Why is it not true that $\int_0^{\pi} \sin(x)\; dx = 0$?

Solution 1:

This is a very good question and not one that many students ask. Let's see what happens when we do as you are suggesting. Letting $u = \sin x$, we get

$$du = \cos x\,dx = \pm\sqrt{1-\sin^2 x}\,dx = \pm\sqrt{1-u^2}\,dx.$$

Thus the integral becomes

$$\int \sin x\,dx = \int \frac{\pm u}{\sqrt{1-u^2}}\,du.$$

Notice I did not put any limits of integration in here. When $x\in[0,\frac{\pi}{2}]$, cosine is non-negative, so we can use the positive root. However when $x\in(\frac{\pi}{2},\pi]$, cosine is negative so we have to use the negative root. Meaning our one integral splits into two different integrals:

$$\int_0^{\pi} \sin x\,dx = \int_{u(0)}^{u(\pi/2)} \frac{u}{\sqrt{1-u^2}}\,du + \int_{u(\pi/2)}^{u(\pi)} \frac{-u}{\sqrt{1-u^2}}\,du.$$

Note that $u(0) = 0$, $u(\pi/2) = 1$ and $u(\pi) = 0$ so we get

$$\int_0^{\pi} \sin x\,dx = \int_0^1 \frac{u}{\sqrt{1-u^2}}\,du - \int_1^0 \frac{u}{\sqrt{1-u^2}}\, du = 2\int_0^1 \frac{u}{\sqrt{1-u^2}}\,du.$$

Note that this is a positive number. The reason for why it doesn't work out is exactly as Baloown is suggesting. What you suggest does not apply here and is partially reflected in the occurrence of the $\pm$ roots. What the actual case is that the forward direction for $u$-substitution always works (meaning substituting $x = \text{ something}$) - it is the backwards case is where the issues lie (substituting $\text{something } = f(x)$).

Solution 2:

\begin{align} u & = \sin x \\ du & = \cos x\,dx \\[8pt] dx & = \frac{du}{\cos x} = \frac{du}{\pm\sqrt{1-\sin^2 x}} = \frac{du}{\pm\sqrt{1-u^2}} = \begin{cases} \dfrac{du}{\sqrt{1-u^2}} & \text{for }0\le x \le \frac \pi 2 \\[10pt] \dfrac{du}{-\sqrt{1-u^2}} & \text{for } \frac \pi 2 \le x \le \pi \end{cases} \\[15pt] \int_0^\pi \sin x\,dx & = \int_0^{\pi/2} \sin x\,dx + \int_{\pi/2}^\pi \sin x\,dx = \int_0^1 \frac{u\,du}{\sqrt{1-u^2}} + \int_1^0 \frac{u\,du}{-\sqrt{1-u^2}} = \cdots \end{align}

Solution 3:

As suggested in the other answers, you cannot use that substitution on the whole interval $(0,\pi)$ because $\sin $ is not bijective there.
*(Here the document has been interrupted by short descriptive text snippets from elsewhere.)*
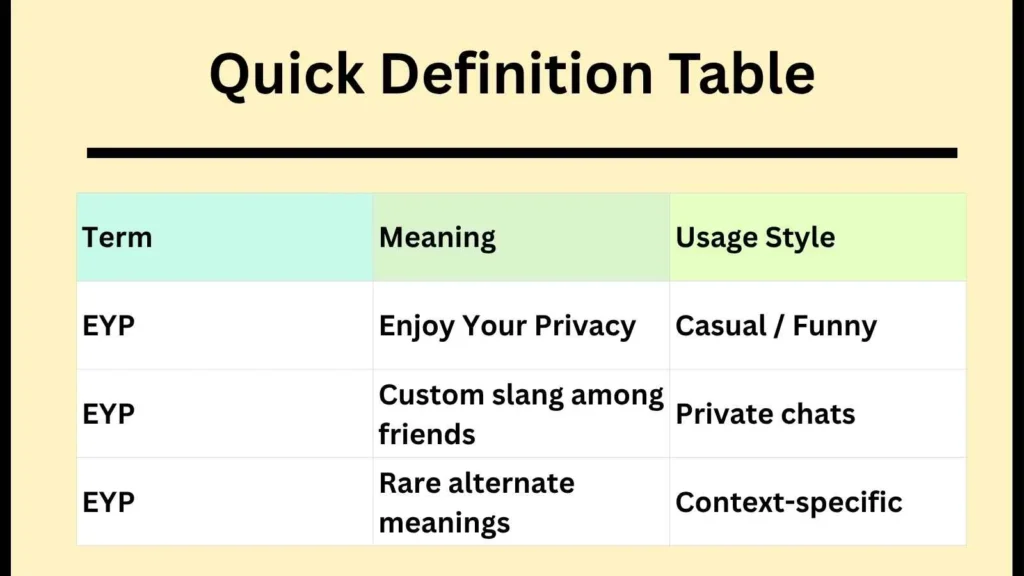 Quick Definition Table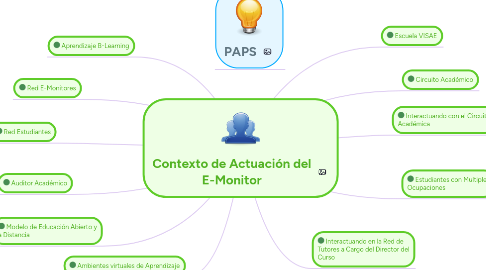 Mind Map: Contexto de Actuación del E-Monitor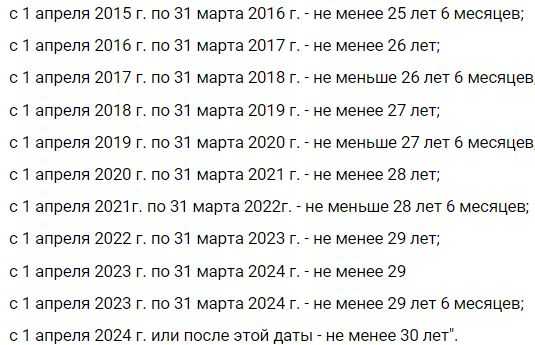 Какие льготы положены ветеранам труда награжденным медалями ветеран труда  пол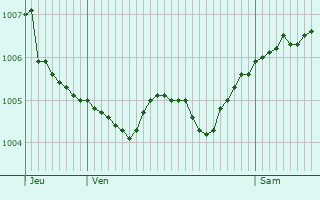 Graphe de la pression atmosphrique prvue pour Consenvoye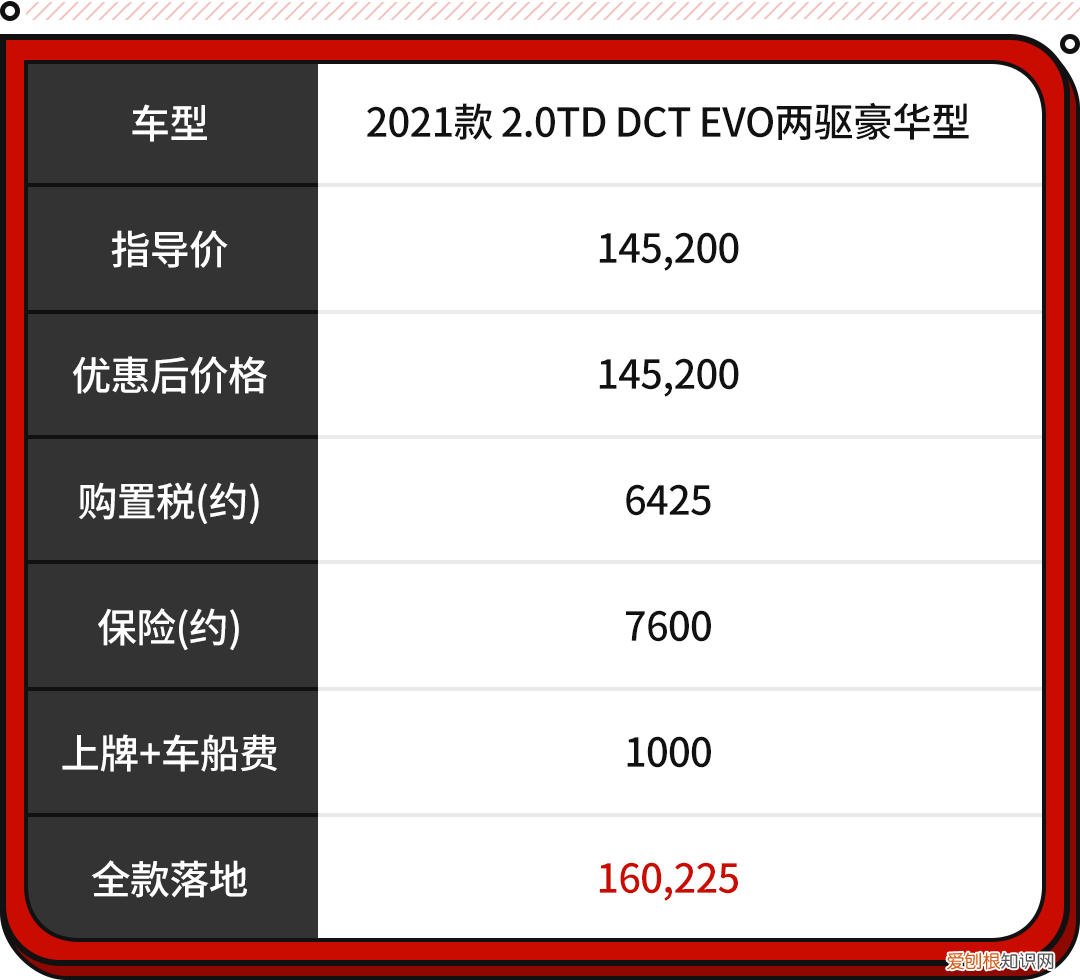 最受关注的10款SUV 丰田suv车型大全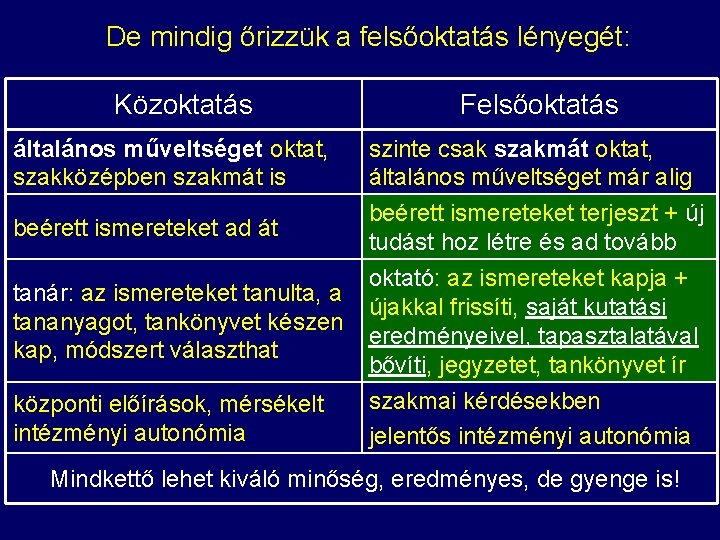 De mindig őrizzük a felsőoktatás lényegét: Közoktatás Felsőoktatás általános műveltséget oktat, szakközépben szakmát is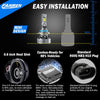 FAHREN H1 Fog Bulbs, 28000LM Brightness 1:1 Mini Size No Adapter Needed Plug & Play, 6500k White with 16 CSP Chips, Canbus Ready Non-Polarity H1 Light Bulb with Turbo Fan, IP68 Waterproof Pack of 2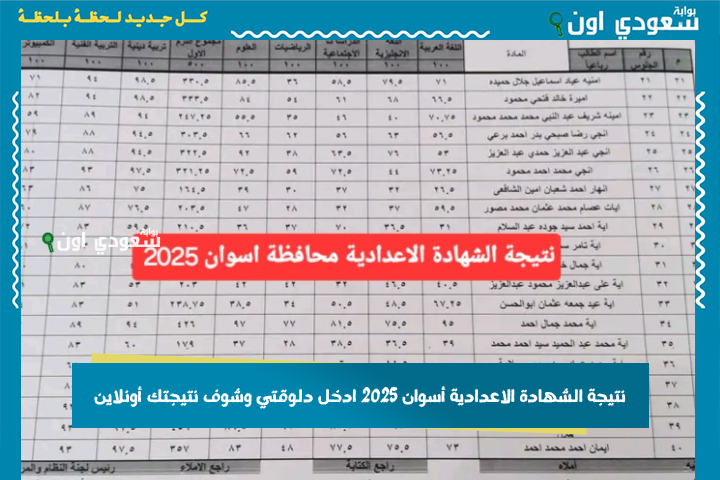 هنا نتيجة الشهادة الاعدادية أسوان 2025 ادخل دلوقتي وشوف نتيجتك أونلاين من غير زحمة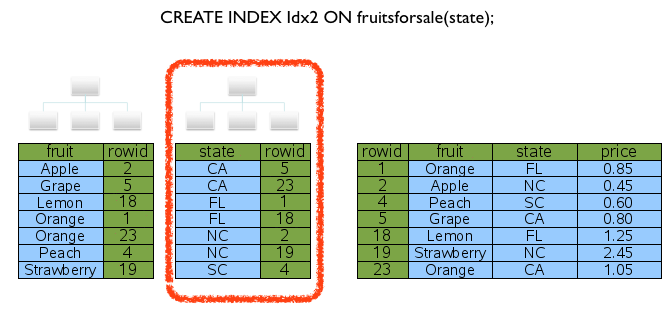 SQLite Lookup By Index5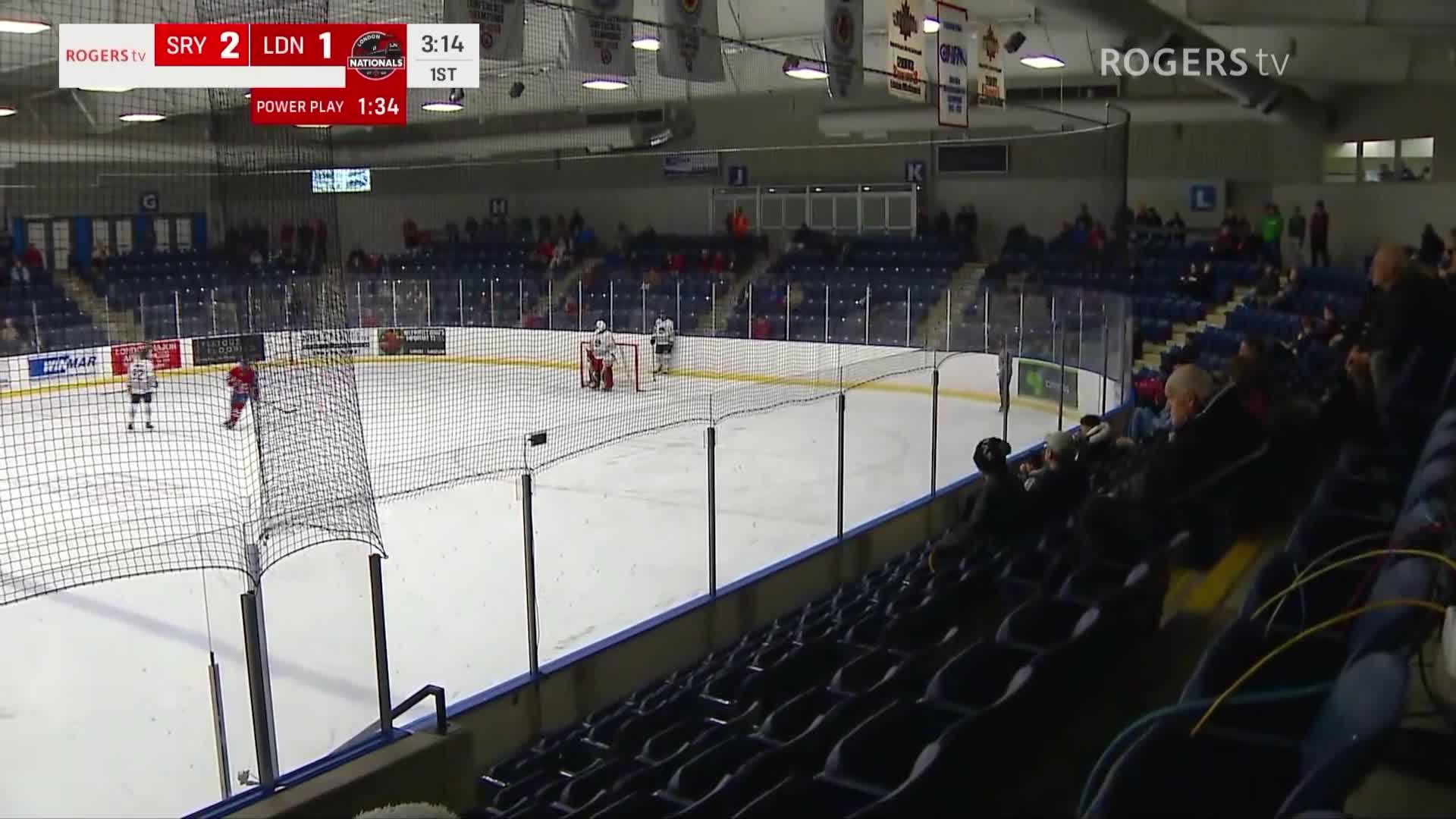 GOHL - London Nationals Hockey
However, you can do the change of variables after having split the interval into two pieces on which $\sin $ is bijective: $$\int_0^\pi\sin x\,\mathrm{d}x=\int_0^{\pi/2}\sin x\,\mathrm{d}x+\int_{\pi/2}^\pi\sin x\,\mathrm{d}x=\int_0^1\frac{u}{\sqrt{1-u^2}}\mathrm{d}u+\int_1^0\frac{-u}{\sqrt{1-u^2}}\mathrm{d}u\,,$$ having used the fact that $\cos x=\sqrt{1-u^2}$ on $(0,\pi/2)$ while $\cos x=-\sqrt{1-u^2}$ on $(\pi/2,\pi)$.